■ Recorded data:
+ + +

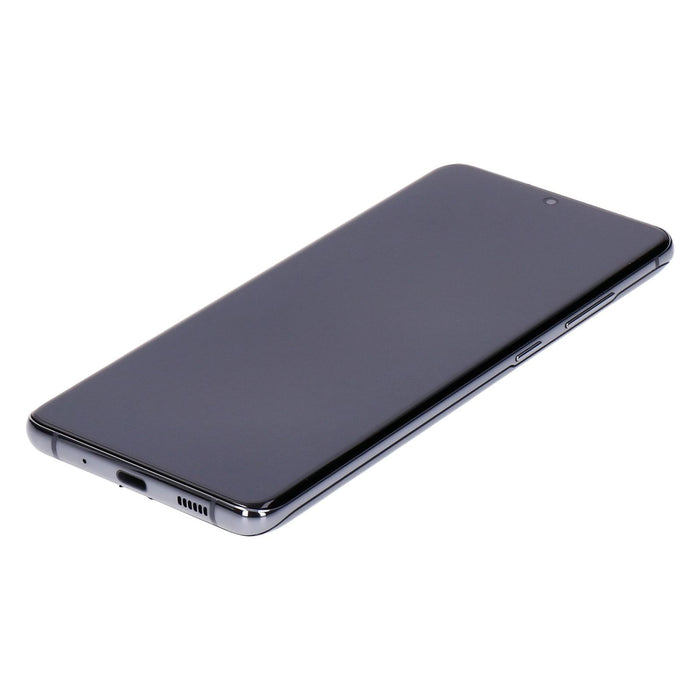 Samsung Galaxy S20 Ultra 5G Dual-SIM 128GB Cosmic Grey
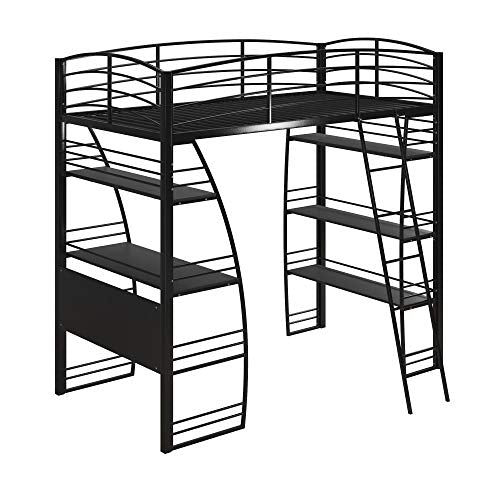 dhp loft bed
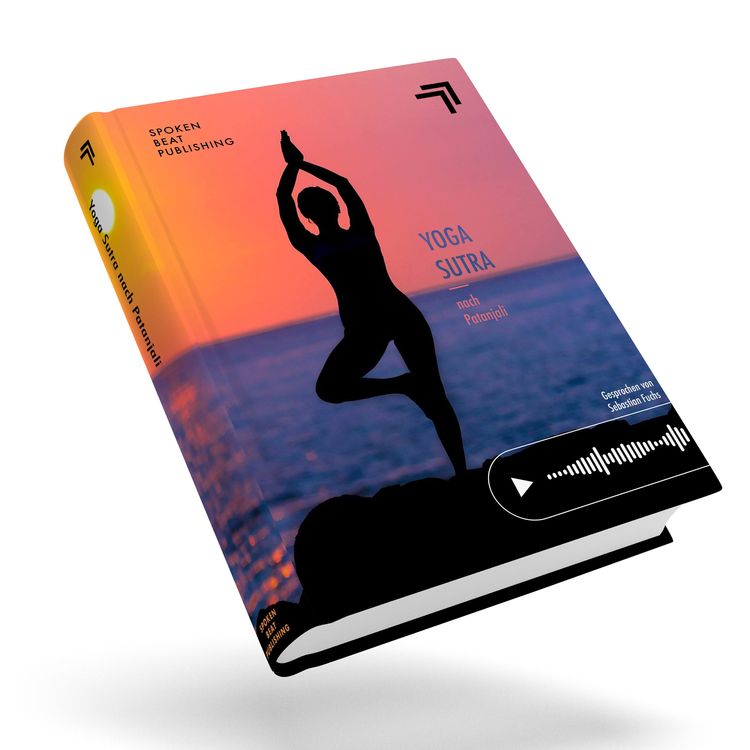 Produktbild: Yoga-Sutra von Patanjali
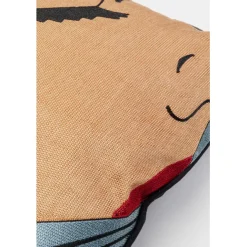 KARE Design Coussin Comic Face 50x50cm><noscript><img width=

+ + +

■ Prompt: What you need to retype is every line from the one that has "Produktbild: Yoga-Sutra von Patanjali" through the last line of the listing, both included, with the pictures left out.

■ Result of this task:
 Produktbild: Yoga-Sutra von Patanjali
 KARE Design Coussin Comic Face 50x50cm><noscript><img width=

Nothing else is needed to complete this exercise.